In spite of a variety of starring roles in the likes of ‘Trainspotting’, ‘Intermission’, ‘No Country for Old Men’, ‘Nanny McPhee’, ‘Boardwalk Empire’ and even Disney Pixar’s ‘Brave’, Kelly Macdonald remains an actress who has not gotten the recognition for the talent that she is. In a way then, the role of Agnes is tailor-made for her, and Macdonald is able to evoke deep-felt empathy in audiences through her performance. The opening to ‘Puzzle’ consists of a twist which is particularly exemplary of this, and sets up Agnes as a woman trapped in a traditional role that to some seems old-fashioned, but for many is the reality.


Opposite Agnes, as her respective life and gaming partners, are husband Louie and inventor Robert, with both ‘The US Office’ star David Denman and ‘Jurassic World’s Irrfan Khan taking well to the respective roles. While Louie is by no means a bad man, the film progresses to represent him as a small town man with a narrow upbringing which in turn also has him entrapped by tradition and heteronormativity.
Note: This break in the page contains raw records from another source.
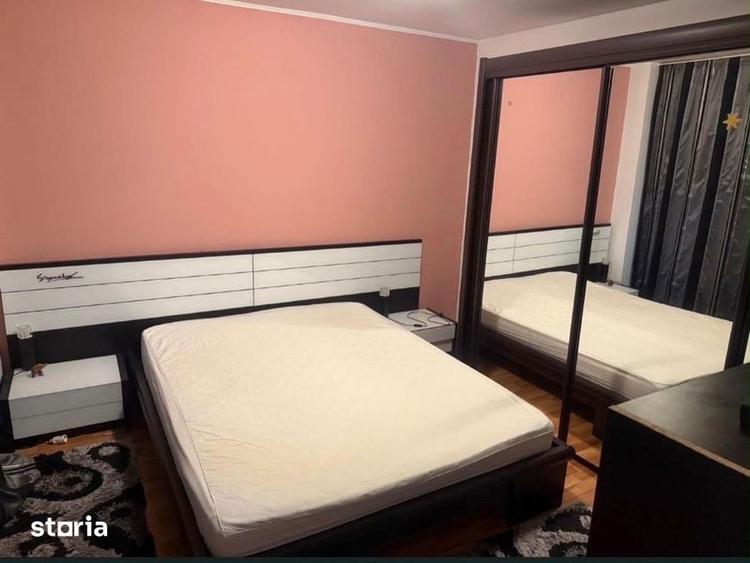 Apartament cu 3 camere decomandat în Babadag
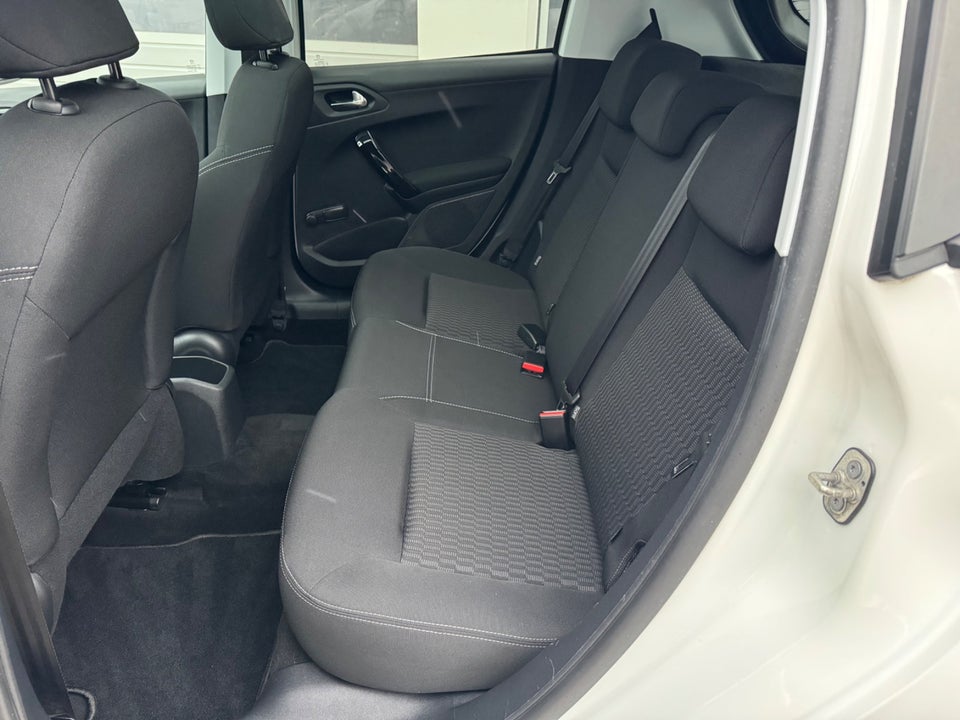 Peugeot 208 1,6 BlueHDi 100 Chili Sky+ 5d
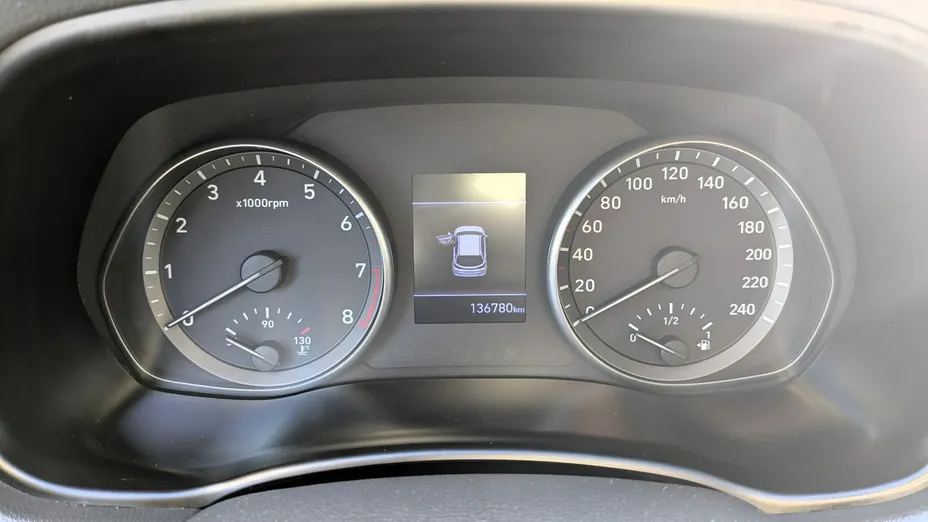 HYUNDAI i30 -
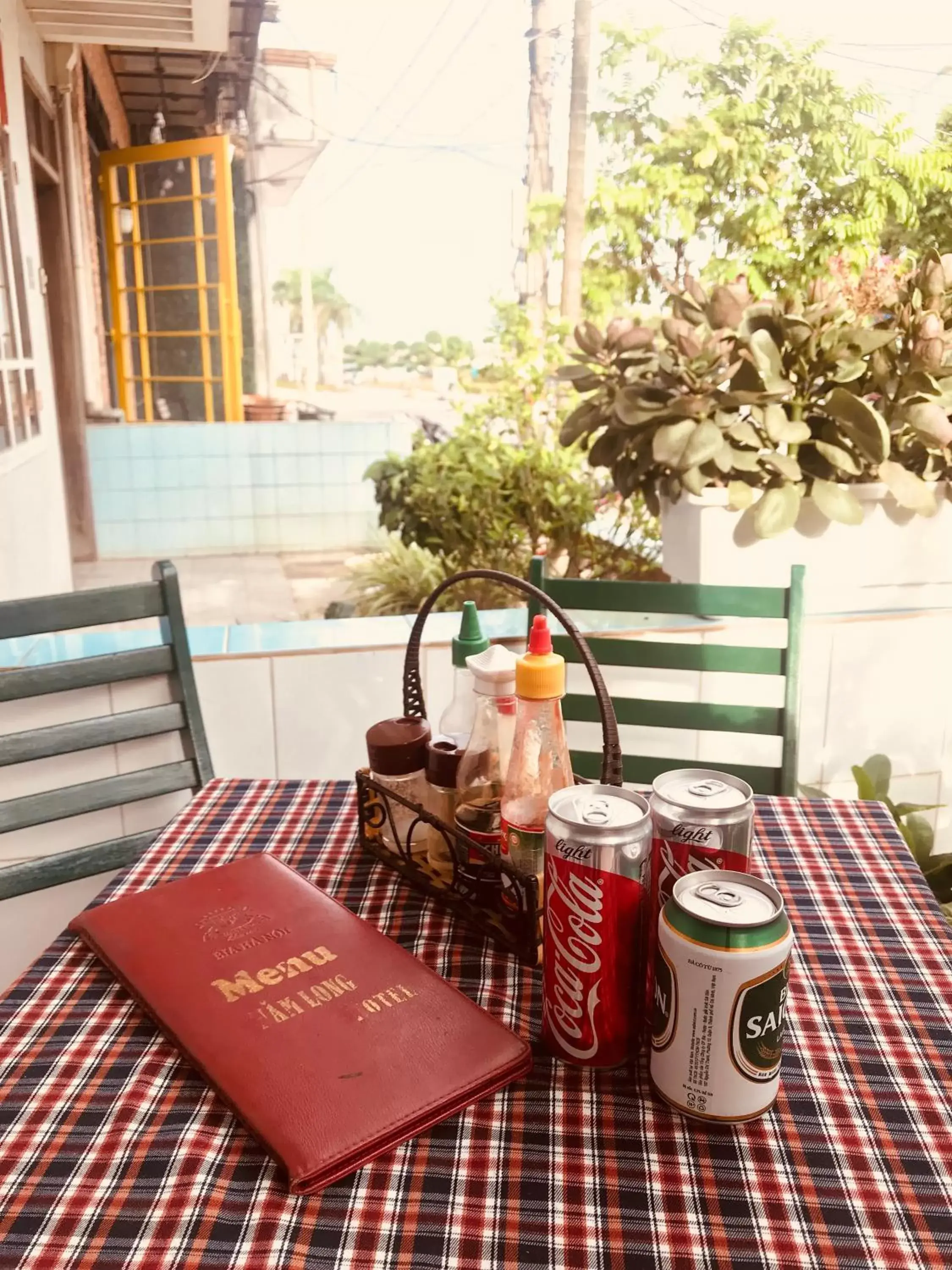 Restaurant/places to eat in Nam Long Hotel Restaurant/places to eat in Nam Long Hotel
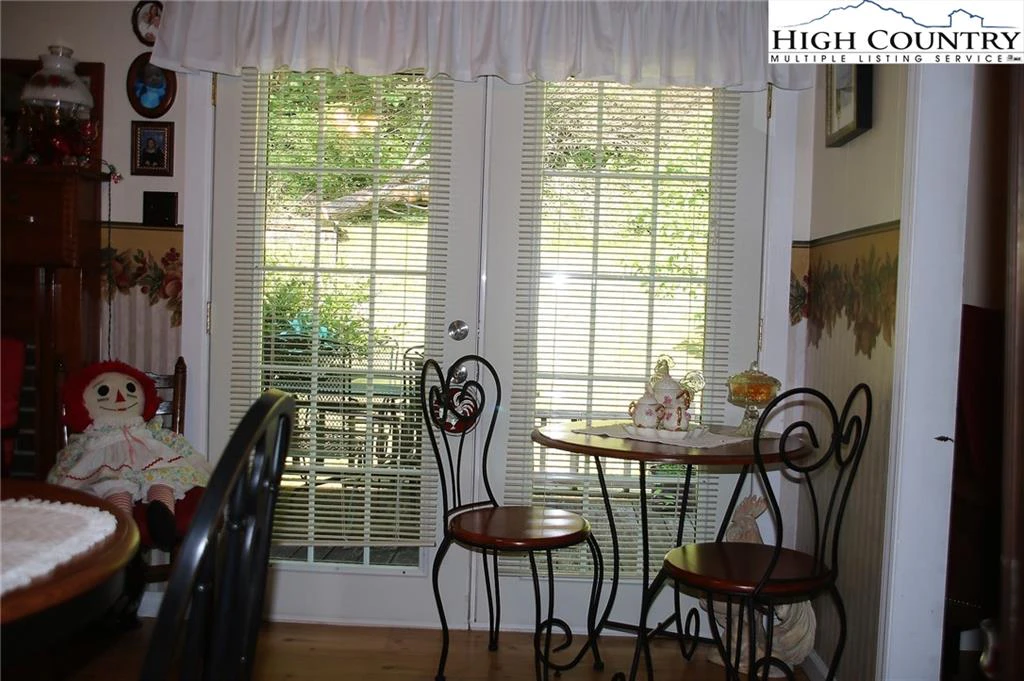 Image number 12 for the current listing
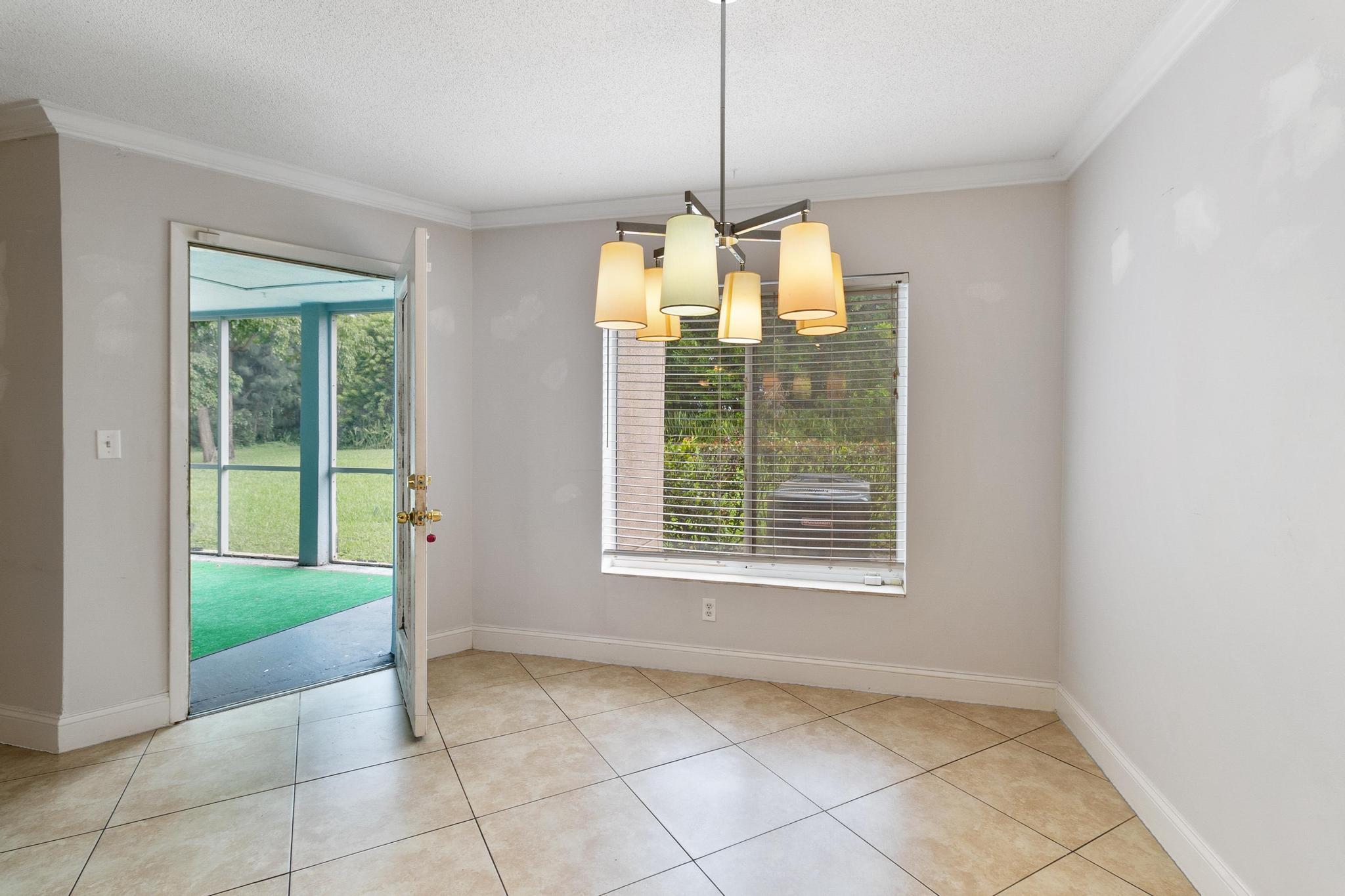 815 W Boulevard 16-105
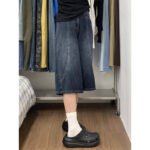 Pantaloni a mezza gamba larghi larghi larghi stile americano jeans cropped blu scuro da donna 2025 nuovi pantaloni estivi di grande taglia larghi - immagine 3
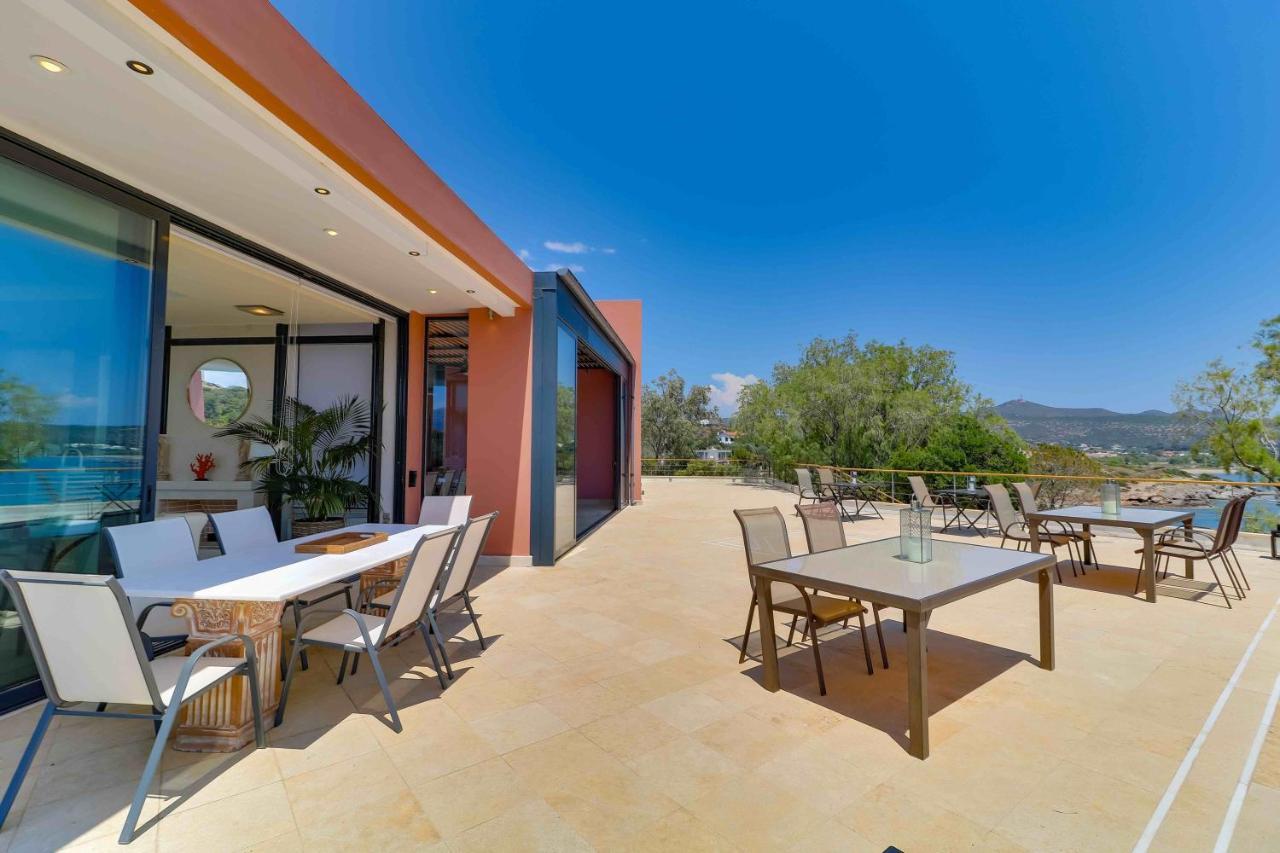 Black Diamond Beachfront Pool Villa Pasithea In Sounio, Athens 수니언 외부 사진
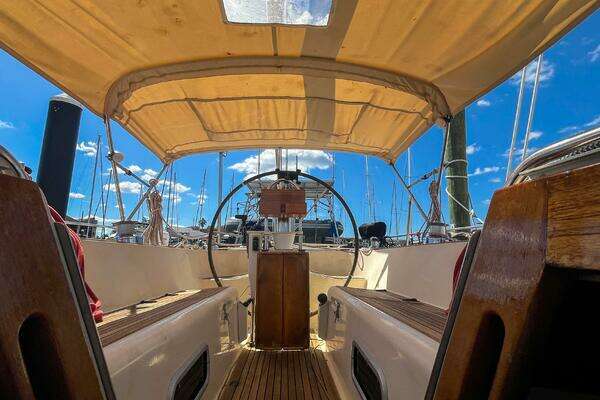Oyster Lightwave 48 Yacht For Sale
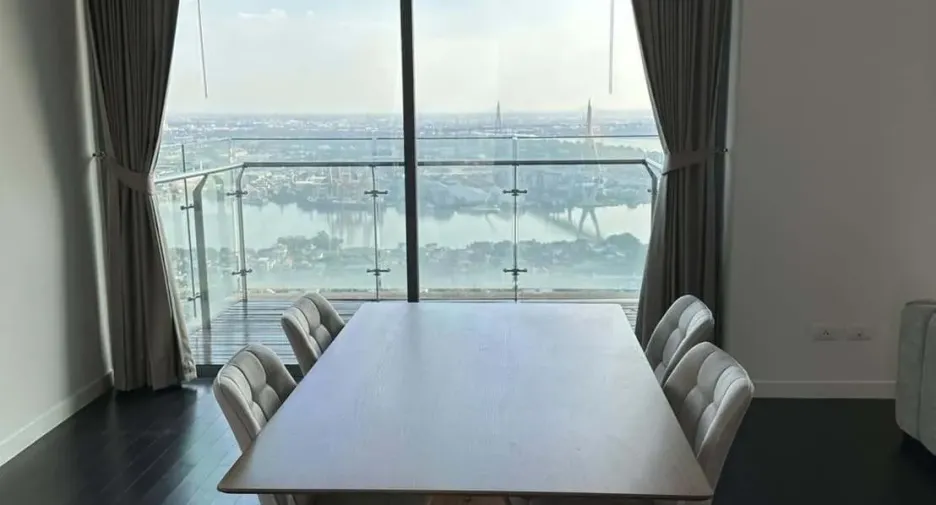 For rent 2 bedrooms condo in Yan Nawa, Bangkok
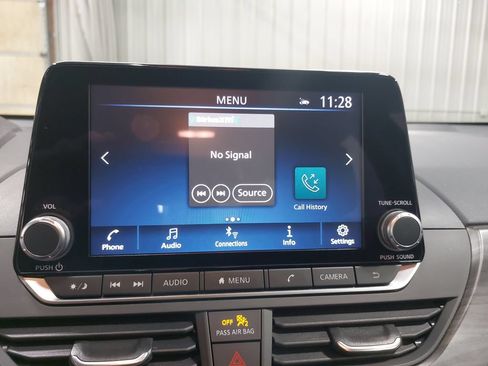 Certified 2025 Nissan Altima 2.5 SV FWD image 22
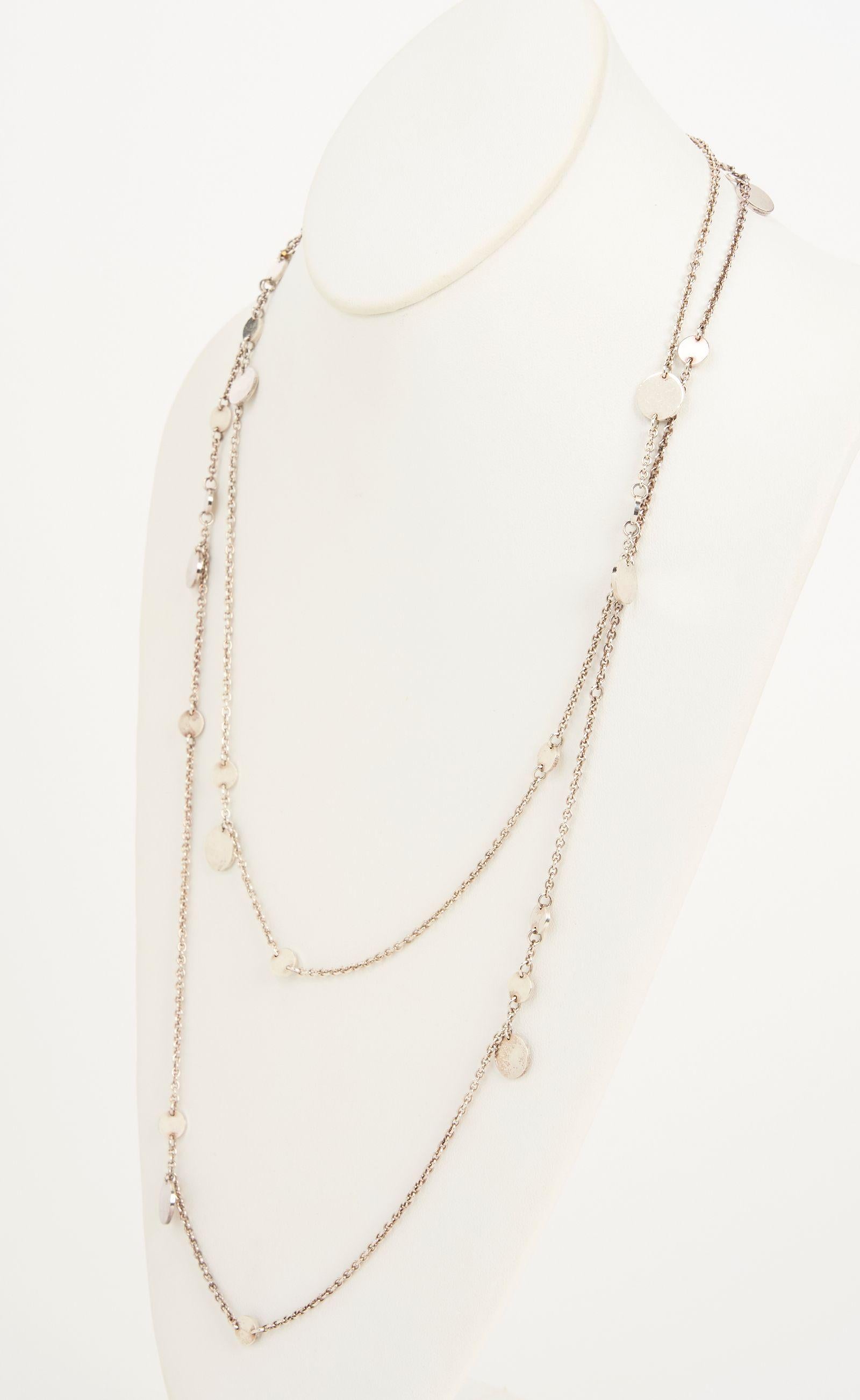 Ce collier est réalisé en argent sterling et en or rose 18 carats, avec un disque de station en or rose 18 carats et un fermoir à mousqueton.
Ce collier est accompagné d'une boîte à bijoux Hermès et d'une pochette de voyage en cuir.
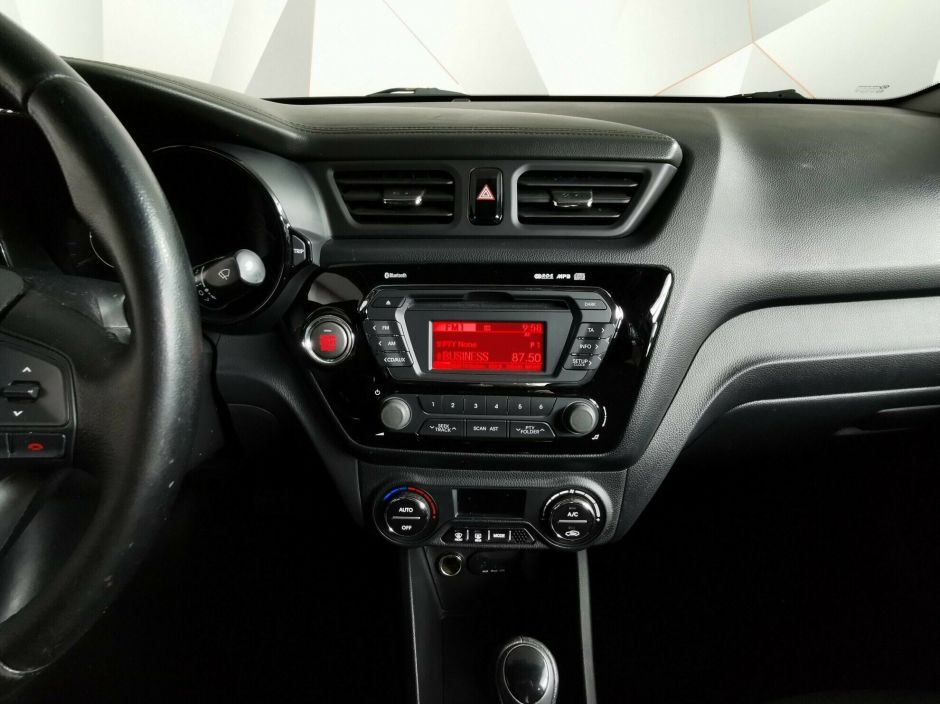 Kia Rio 1.6 АКПП, 2013, 121 000 км фото 9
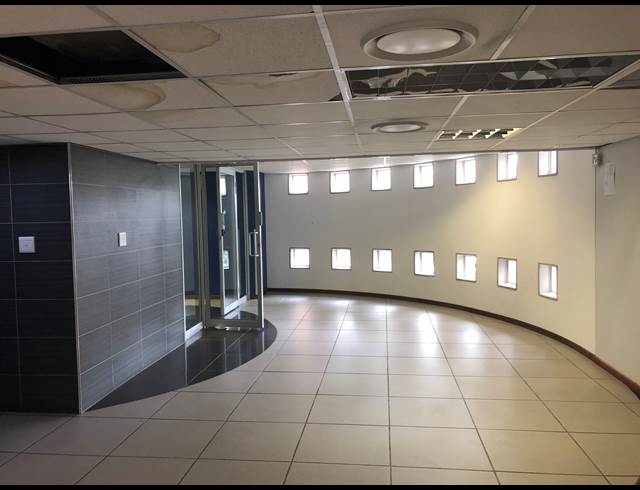 73M² MEDICAL SUITE TO LET IN NELSPRUIT CENTRAL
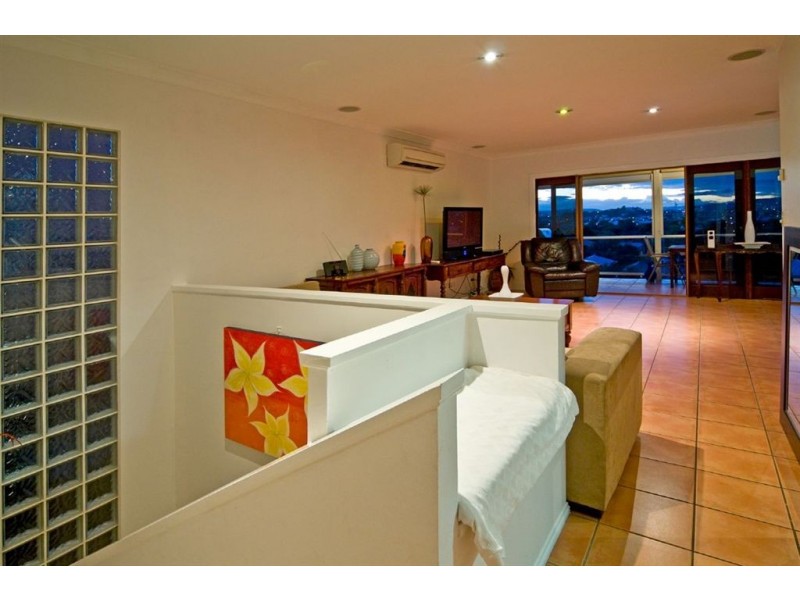 12 Dilkera Street, Balmoral QLD 4171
Meanwhile Robert’s good-natured, quietly confident, playful attitude helps Agnes come out of her shell.


Witnessing Agnes’s family change just as she does is nicely done, for both her marriage and relationships with her sons become affected as she starts doing things for herself and insisting on authority in the household. The storyline of her involvement with the local church and community, however, seems glazed over and not properly integrated. The storyline also sees a shift from being less about an unusual sport to being a traditional romantic plot. While this is not done suddenly and nonsensically, it may be disappointing for those who wanted to see more behind the curtains of the competitive jigsaw solving world.


In any case, ‘Puzzle’ is sold thanks to its bittersweet plot and outstanding performance from Macdonald as the lead. She is angelic and sincere as Agnes, a woman who, for the first time, has found something she is truly excited about, and having been totally selfless all her life, realises that self-care is important too.